Kökleri 12. yüzyıla dayanan entelektüel bir Osmanlı ailesinin ferdi olan İstanbul doğumlu Ebüzziya, yaşamını halen Paris’te sürdürüyor.
Alev Ebüzziya’dan söz edildiğinde aklıma önce türkuaz renkli çanaklar gelirdi. Sergilendiği yerde insana dokunma hissi veren, pürüzsüz, kırılganlıkla gücün aynı anda yansıttığı büyülü bir enerji, duygu…
↔↔↔
Siesbye’nin Galeri Nev’deki son sergisi beyaz tonların ağırlıkta olduğu bir koleksiyonu içerdi.
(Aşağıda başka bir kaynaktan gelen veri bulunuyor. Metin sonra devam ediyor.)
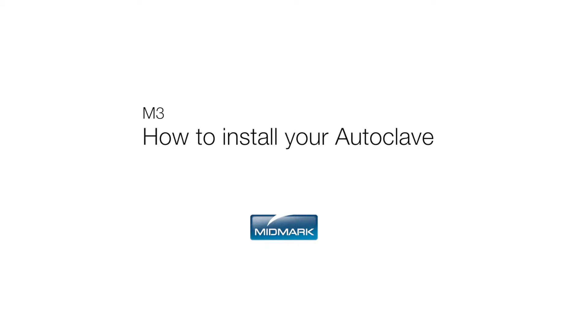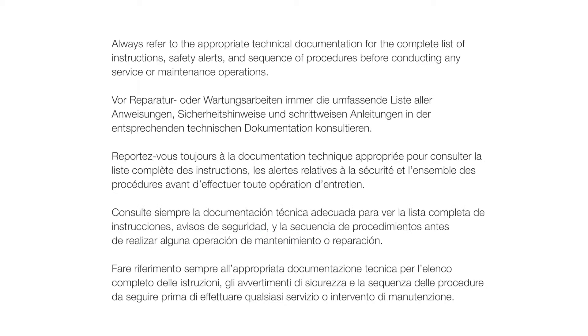This video is an overview of how to install your M3 Ultrafast. Always refer to the appropriate technical documentation for the complete list of instructions, safety alerts, and sequence of procedures before conducting any service or maintenance operations.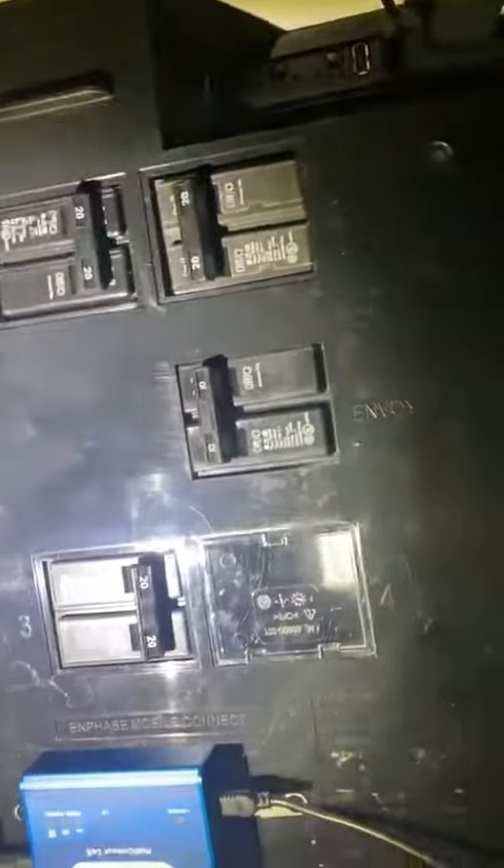We got 320 amp breakers, one for each array, and then we got a 10 amp breaker for the envoy. Also got a cell phone kit. So this is what we have for a load at this house.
Bu tercihin nedeni ise, ‘Fondation Cartier’de düzenlenen sergi için davet edildiğinde konsept beyaz ağırlıklıydı. O da eserlerini bir bütünlük oluşturacak şekilde kurguladı.
Çocukluğunda Giorgio Morandi’ye duyduğu hayranlığını, yıllar sonra önemli olanın form değil, çerçevenin dışına taşan aura olduğunu keşfetmiş.
“Kimileri işlerimde mükemmeliyetçilik aradığımı düşünür. Oysa mükemmellik sıkıcıdır. Önemli olan formun kendi içinde bir titreşime sahip olmasıdır.”
↔↔↔
Puslu bir mart ayını aydınlatan sergiyi izlemek bir ayrıcalıktı. Alev Ebüzziya Siesbye’nin sadelik ve dinginlik yansıtan seramik çanakları, ‘zamansız’lığın simgesi olarak yaşayacak.
Kimilerimiz için önemli/anlamlı olabileceğine inanıyorum. Ebüzziya Siesbye 86 yaşında; halen genç ve yaratıcı.
↔↔↔
Birçoğumuzun gündelik yaşamda kullandığı isimle kimliğimizdeki adı farklıdır.
Onu uzun zamanlar öncesinde, gazete için yaptığım bir söyleşide ‘David Franko’ olarak tanıdım. Sakin, huzur veren, konunun dışına taşmayan bir sohbet oldu. Farklı ortamlarda karşılaşmalar olunca, ortak noktalarda daha rahat konuşur olduk.
Giussepe David Franco’yu 24 Mart günü son yolculuğuna uğurladık.
Kimi insanlarla kan bağınız yoksa, ya da çok samimi değilseniz bile zamansız gidişleri size dokunur. Öyle de oldu.
İş adamı, aile babası kimliğinin yanı sıra toplum hayatında özverili, Kadıköy Lions gibi kurumlarda birleştirici, gençlere feyz veren, yüzünü hiç asık görmediğim bir kişiydi. Ayrıca, ısrarcı olmayıp istediğini yaptırmasını bilen mizacı en yapıcı yanlarından biriydi David Franco.
İtalyan Musevi Cemaati Yönetim Kurulu’ndaki saymanlık görevinin yanı sıra bir dönem geçici, ardından 2019-2022 yıllarında Öğrencilere Yardım Derneği’nde başkanlık yaptı.
David Franco yurt içi ve yurt dışında sayısız ödüller kazanmış bir filatelistti. Hangisini önce sayacağımı bilmiyorum.
Büyük Ödül’e ulaştığı Avrupa Filateli Akademisi ikinci başkanlığını yaptı. Pul koleksiyonu Portekiz’de ‘Onur Sınıfı’nda sergilendi.
Osmanlı İmparatorluğu döneminde, ‘1813-1975 Yılları Arasında Fransız Postaneleri’ başlıklı koleksiyonu ile dünya birinciliğini kazandı. Koleksiyon İngiltere Kraliçesi II. Elizabeth ve Monaco Prensi Albert Grimaldi koleksiyonları ile birlikte sergilendi. Franco, bu ve benzeri sergilerle Türkiye’yi uluslararası platformlara taşıdı…
Başarılarını üç noktayla bitirmek istemezdim. Saygı ve sevgiyle hatırlayacağım.
Sağlıkla kalın.
(1) Alev Ebüzziya-Siesbye Sergisi, Oksijen 7-13 Mart Elif Tanrıyar’dan alıntılarla derlendi.